_Data listing_
◆ ◆ ◆ ◆ ◆
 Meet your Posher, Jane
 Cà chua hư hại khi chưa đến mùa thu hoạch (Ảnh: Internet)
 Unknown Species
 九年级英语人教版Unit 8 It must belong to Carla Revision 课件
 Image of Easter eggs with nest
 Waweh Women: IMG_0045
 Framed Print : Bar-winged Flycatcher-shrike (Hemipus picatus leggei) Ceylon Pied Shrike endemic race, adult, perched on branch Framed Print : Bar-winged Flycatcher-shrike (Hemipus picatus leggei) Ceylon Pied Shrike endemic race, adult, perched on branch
◆ ◆ ◆ ◆ ◆
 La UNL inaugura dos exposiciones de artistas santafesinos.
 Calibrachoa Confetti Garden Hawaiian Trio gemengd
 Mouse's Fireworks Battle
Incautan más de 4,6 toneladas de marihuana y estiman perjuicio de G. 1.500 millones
◆ ◆ ◆ ◆ ◆
Every line from the line containing "Unknown Species" through the line containing "on branch Framed" in the records above must be retyped exactly. Leave out the rest.

_Solution for this problem_
 Unknown Species
 九年级英语人教版Unit 8 It must belong to Carla Revision 课件
 Image of Easter eggs with nest
 Waweh Women: IMG_0045
 Framed Print : Bar-winged Flycatcher-shrike (Hemipus picatus leggei) Ceylon Pied Shrike endemic race, adult, perched on branch Framed Print : Bar-winged Flycatcher-shrike (Hemipus picatus leggei) Ceylon Pied Shrike endemic race, adult, perched on branch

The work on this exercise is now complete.